Today’s news: ads for dogs, PETA’s is being rude again, and poachers are getting murdered
Here are some fascinating articles that the humans (and animals ) at Current Instincts are reading today. Did we miss something major? Let us know below or send us an email.
1. Green coalition files lawsuit over U.S. Arctic drilling approval. Alaskan natives have joined forces with an environmental group to fight the U.S.’s approval of Shell Oil’s plans to drill in the Arctic. The suit aims to make the argument that Shell does not have a sufficient back-up plan in the event of a spill. An oil spill in the Arctic could be devastating to polar bears, bowhead whales, and more marine life. (Yale 360)
2. A license to kill poachers in India. What’s better? Killing rhinos and tigers or killing the poachers who are trying to kill lions and tigers? How about none, everyone just STOP IT. In one of India’s national parks, rhinos and tigers are making a huge comeback – because park rangers are allowed to shoot and kill poachers. We get the idea, but there really needs to be a better way to go about stopping poachers. (Grist)

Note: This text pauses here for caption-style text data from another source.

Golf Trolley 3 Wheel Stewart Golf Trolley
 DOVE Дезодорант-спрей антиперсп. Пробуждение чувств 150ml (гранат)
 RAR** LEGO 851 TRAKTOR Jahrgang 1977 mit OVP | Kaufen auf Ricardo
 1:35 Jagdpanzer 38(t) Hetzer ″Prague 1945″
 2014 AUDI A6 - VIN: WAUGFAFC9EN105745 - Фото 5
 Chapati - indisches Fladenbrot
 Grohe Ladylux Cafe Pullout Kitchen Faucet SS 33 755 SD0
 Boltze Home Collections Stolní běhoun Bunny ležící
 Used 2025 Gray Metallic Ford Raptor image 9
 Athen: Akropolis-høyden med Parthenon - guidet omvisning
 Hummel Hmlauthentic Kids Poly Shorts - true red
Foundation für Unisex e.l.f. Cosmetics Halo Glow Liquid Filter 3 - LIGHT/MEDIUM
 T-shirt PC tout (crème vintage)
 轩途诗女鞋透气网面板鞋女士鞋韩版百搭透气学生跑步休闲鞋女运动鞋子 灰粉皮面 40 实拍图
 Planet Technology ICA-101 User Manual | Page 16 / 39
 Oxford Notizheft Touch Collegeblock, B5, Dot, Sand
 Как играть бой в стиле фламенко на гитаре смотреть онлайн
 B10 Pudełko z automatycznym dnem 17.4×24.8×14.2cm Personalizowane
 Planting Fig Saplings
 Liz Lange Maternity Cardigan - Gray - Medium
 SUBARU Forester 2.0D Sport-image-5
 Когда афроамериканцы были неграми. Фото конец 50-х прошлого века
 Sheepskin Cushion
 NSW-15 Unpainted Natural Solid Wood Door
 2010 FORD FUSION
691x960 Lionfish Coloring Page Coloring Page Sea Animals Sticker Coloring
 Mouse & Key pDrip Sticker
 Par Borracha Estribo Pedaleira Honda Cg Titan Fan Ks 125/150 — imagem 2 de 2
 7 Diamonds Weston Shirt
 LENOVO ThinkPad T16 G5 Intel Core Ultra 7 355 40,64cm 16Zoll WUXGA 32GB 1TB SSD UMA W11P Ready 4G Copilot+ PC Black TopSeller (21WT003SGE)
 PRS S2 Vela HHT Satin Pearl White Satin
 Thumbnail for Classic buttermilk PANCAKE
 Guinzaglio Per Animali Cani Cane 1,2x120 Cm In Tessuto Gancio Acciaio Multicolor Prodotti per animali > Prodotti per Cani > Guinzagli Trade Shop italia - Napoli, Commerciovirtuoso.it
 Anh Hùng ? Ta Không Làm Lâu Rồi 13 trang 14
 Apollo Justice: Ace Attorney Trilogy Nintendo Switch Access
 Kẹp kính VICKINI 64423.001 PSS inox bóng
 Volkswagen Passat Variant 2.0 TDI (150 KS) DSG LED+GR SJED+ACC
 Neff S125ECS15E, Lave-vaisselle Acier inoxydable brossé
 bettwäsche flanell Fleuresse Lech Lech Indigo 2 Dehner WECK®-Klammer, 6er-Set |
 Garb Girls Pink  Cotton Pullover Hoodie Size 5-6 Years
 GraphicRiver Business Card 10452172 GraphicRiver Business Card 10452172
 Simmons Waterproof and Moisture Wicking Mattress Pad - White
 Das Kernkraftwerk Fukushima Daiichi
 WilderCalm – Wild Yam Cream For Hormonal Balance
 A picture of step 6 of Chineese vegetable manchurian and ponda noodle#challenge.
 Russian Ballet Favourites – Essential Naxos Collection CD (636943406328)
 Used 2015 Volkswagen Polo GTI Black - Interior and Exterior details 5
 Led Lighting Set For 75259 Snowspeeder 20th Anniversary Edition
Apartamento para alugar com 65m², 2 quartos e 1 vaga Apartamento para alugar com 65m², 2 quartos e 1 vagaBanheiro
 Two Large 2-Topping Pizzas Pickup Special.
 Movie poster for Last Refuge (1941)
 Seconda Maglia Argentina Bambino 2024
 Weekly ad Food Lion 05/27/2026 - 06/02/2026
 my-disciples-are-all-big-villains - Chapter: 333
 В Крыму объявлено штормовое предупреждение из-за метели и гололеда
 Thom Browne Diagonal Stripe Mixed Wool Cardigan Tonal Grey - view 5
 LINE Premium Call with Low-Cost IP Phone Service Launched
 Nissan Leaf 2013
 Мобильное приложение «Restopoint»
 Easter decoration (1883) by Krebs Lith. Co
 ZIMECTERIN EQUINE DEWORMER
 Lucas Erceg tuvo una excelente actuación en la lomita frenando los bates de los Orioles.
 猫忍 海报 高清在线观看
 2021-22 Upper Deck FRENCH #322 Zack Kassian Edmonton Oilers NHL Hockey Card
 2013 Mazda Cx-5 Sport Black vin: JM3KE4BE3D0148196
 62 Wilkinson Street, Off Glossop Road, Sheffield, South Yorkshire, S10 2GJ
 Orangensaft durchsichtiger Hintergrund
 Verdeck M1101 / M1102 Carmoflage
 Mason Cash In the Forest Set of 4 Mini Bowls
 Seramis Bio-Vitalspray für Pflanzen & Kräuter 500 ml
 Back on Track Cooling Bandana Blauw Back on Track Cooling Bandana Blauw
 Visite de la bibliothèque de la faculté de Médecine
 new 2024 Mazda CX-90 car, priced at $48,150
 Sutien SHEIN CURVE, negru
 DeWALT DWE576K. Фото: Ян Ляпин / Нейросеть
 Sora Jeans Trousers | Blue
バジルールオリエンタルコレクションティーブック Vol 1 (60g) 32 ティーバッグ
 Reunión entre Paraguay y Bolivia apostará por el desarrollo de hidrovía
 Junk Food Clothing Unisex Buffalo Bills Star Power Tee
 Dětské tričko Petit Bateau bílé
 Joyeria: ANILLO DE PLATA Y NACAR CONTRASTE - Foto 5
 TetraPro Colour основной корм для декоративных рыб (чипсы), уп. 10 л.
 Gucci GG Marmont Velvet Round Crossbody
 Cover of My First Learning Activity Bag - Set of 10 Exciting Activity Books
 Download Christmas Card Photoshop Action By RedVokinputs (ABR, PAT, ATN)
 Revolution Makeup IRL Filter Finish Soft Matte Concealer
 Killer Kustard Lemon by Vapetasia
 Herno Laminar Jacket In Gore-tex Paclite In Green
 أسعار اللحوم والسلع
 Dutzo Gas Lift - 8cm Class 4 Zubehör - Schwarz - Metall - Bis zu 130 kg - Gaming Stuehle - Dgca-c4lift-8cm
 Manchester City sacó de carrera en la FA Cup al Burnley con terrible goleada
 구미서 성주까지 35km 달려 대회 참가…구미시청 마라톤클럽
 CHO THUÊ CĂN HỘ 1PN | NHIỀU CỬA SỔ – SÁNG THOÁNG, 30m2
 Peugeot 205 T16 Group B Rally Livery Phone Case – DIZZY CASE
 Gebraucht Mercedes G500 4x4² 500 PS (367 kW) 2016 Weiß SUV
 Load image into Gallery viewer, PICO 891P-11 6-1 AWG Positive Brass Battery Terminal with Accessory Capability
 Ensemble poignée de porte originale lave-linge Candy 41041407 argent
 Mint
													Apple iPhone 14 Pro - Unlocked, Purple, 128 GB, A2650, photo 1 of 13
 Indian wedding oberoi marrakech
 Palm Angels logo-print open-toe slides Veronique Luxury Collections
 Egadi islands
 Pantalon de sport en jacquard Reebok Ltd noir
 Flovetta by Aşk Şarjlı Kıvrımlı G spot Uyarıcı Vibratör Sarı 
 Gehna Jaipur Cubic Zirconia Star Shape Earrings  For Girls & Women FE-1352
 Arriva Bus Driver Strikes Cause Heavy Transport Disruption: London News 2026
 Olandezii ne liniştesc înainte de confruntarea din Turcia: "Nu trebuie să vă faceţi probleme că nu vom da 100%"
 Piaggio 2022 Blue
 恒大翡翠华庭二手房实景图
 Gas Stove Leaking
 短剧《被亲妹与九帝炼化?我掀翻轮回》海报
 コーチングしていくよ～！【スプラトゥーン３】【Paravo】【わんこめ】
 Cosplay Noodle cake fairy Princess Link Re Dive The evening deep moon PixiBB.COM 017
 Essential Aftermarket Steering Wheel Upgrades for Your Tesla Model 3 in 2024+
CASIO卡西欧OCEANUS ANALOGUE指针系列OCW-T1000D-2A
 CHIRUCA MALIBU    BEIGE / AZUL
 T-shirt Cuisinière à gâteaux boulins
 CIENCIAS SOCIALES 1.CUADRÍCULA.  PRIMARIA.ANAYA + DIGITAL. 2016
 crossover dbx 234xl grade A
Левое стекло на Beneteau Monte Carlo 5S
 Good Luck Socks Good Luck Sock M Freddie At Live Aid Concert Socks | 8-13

3. Shark fans and victims unite against PETA. We totally understand that PETA has admirable goals, but their tactics are usually pretty out of line. Their latest stunt is especially messed up. The group has put up Billboards of a shark biting a human leg with the tag line “Payback is Hell. Go Vegan.” Shark attack victims, who are usually sort of awesome, find the ads insensitive. Even shark conservationists have come out against the ads and want them taken down. PETA says they simply want to emphasize that the biggest killers in the oceans are humans. (Discovery News)
4. Nestle creates first ad aimed at dogs. Nestle has launched the first-ever ad aimed specifically at dogs. The commercial emits a low-pitch noise that only dogs can hear. Not sure what the point of this is since dogs, as of yet, cannot buy their own dog food. (MSNBC)
5. Controversial dam shelved by Myanmar government. The dam project, which would have cost $3.6 billion dollars, has been cancelled. The proposed plan would have flooded 296 square miles and 90 percent of the power it produced would have been sent to China. An estimated 12,00 residents would have been displaced by the dam. (Yale 360)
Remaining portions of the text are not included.